EXERCISE INPUTS section start
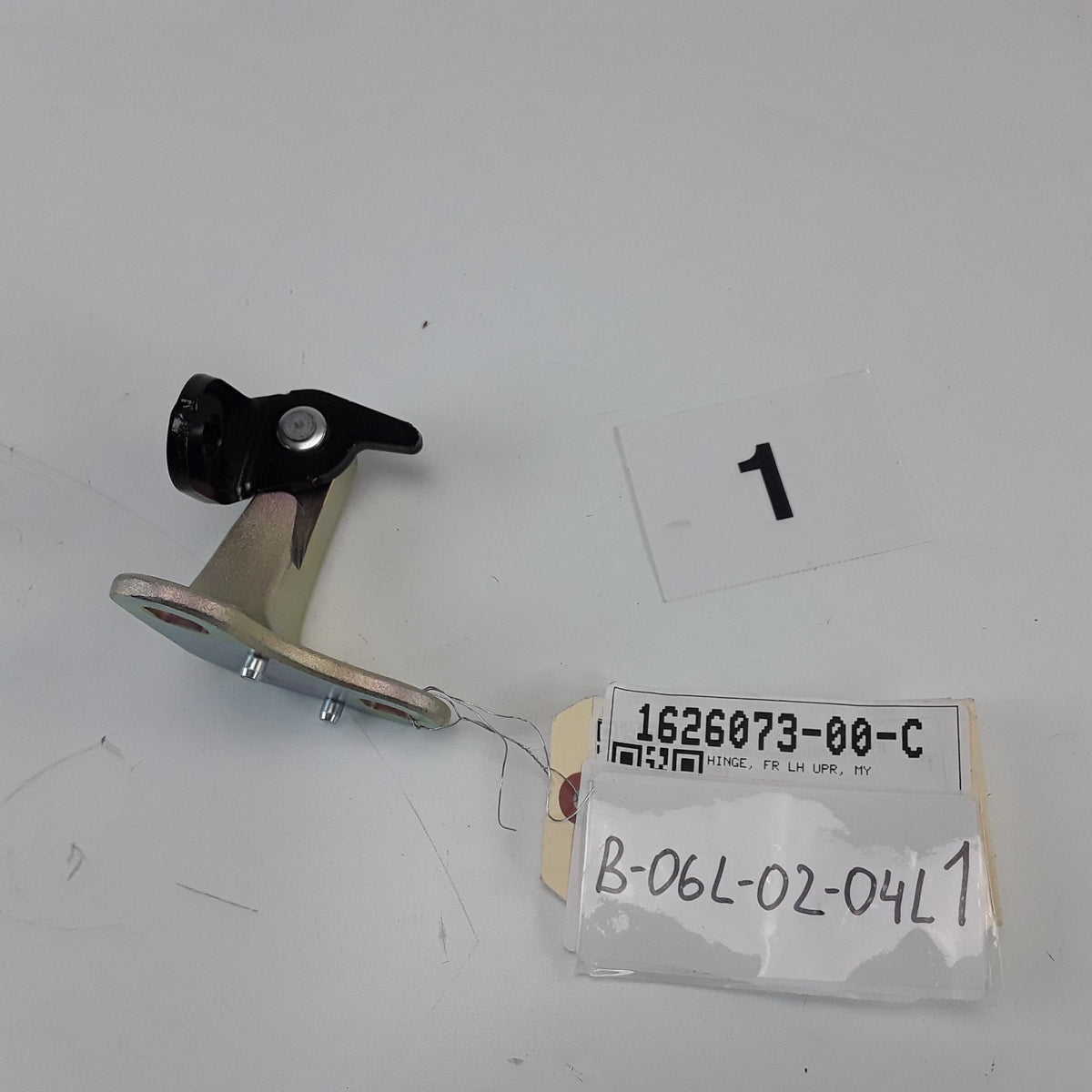 Left Front Upper Door Hinge For Tesla Model Y 1626073-00-C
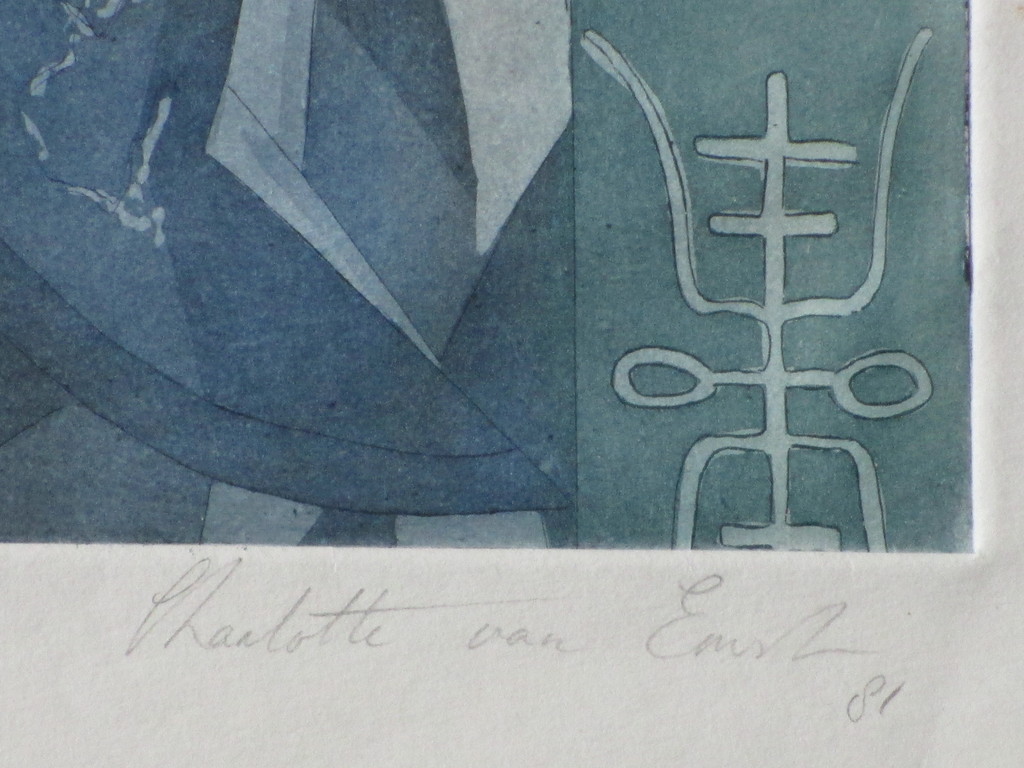 Charlotte van Emst - Shapes, Patterns, Sunlight - Kleurets  kopen? Bied vanaf 1!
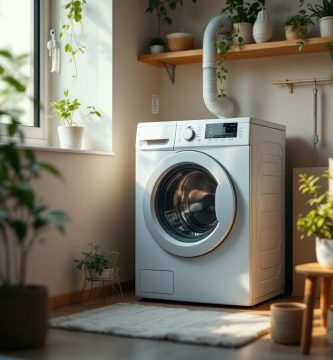 Ventilación Eficiente para Secadoras en Espacios Pequeños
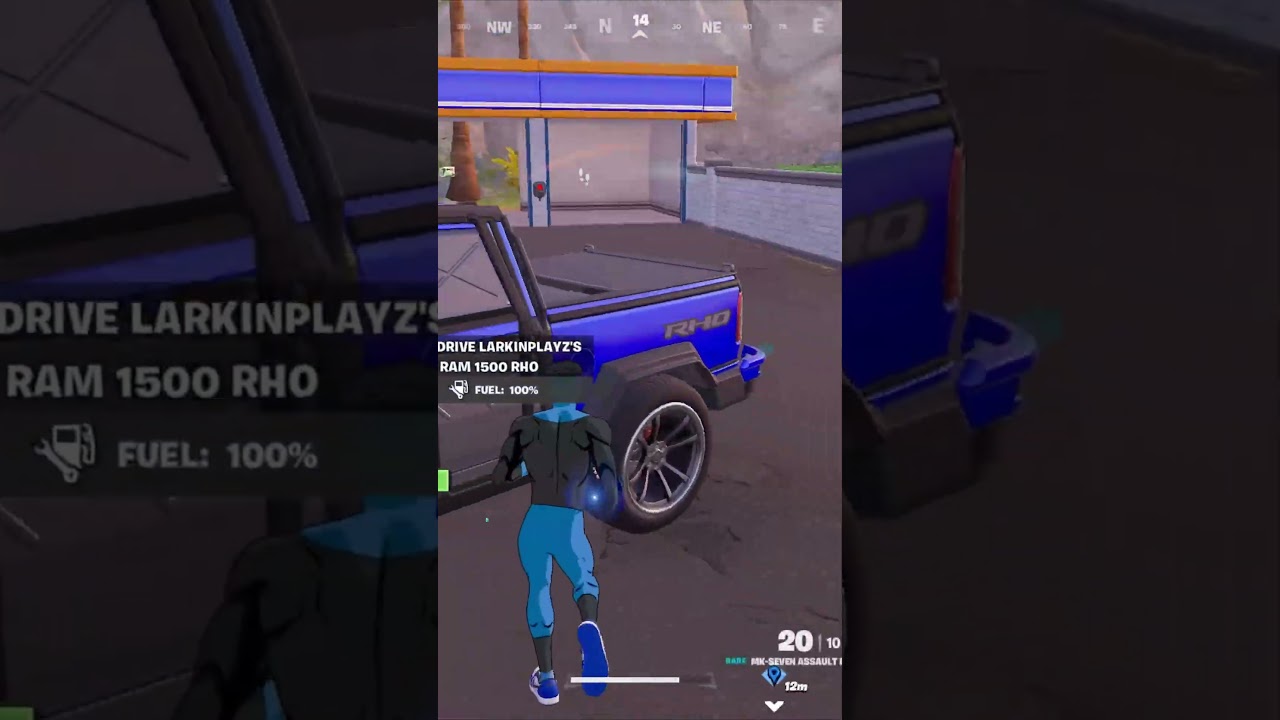 Live Now! Epic Kill in Fortnite! 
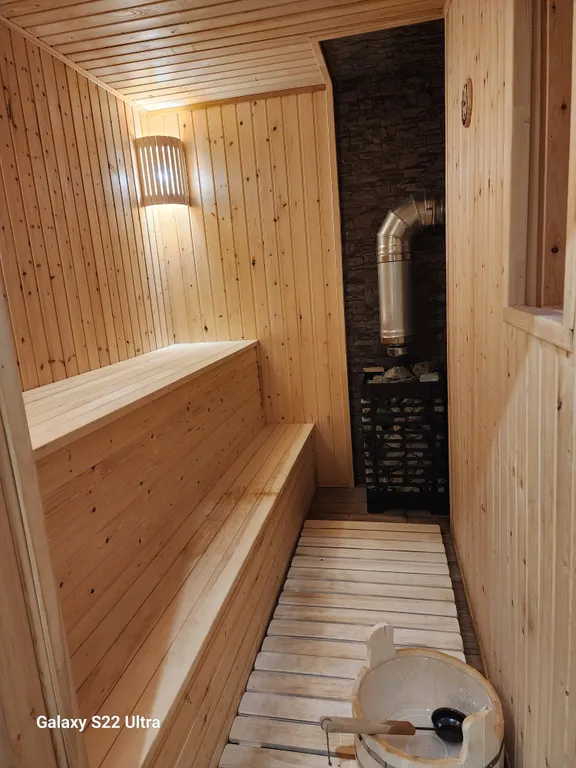 Уютный домик на побережье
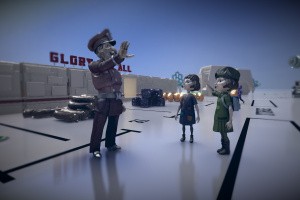 The Tomorrow Children Screenshot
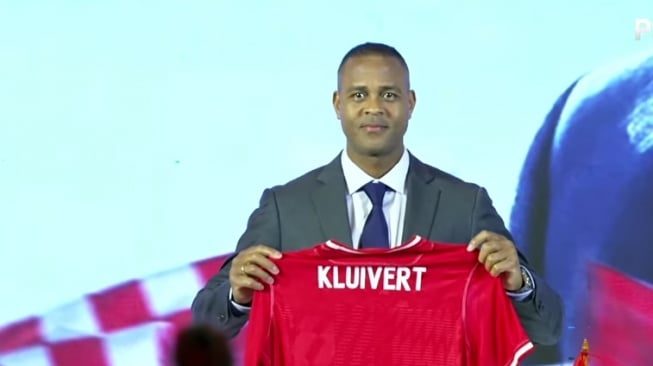 Patrick Kluivert Janji untuk Timnas Indonesia: Capai Target!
EXERCISE INPUTS section end
• _PROBLEM REQUIREMENTS_
Each line from the one bearing "Ventilación Eficiente para" through the final line of the records is to be copied exactly, and no pictures are to be included.

• _WRITTEN RESPONSE_
 Ventilación Eficiente para Secadoras en Espacios Pequeños
 Live Now! Epic Kill in Fortnite! 
 Уютный домик на побережье
 The Tomorrow Children Screenshot
 Patrick Kluivert Janji untuk Timnas Indonesia: Capai Target!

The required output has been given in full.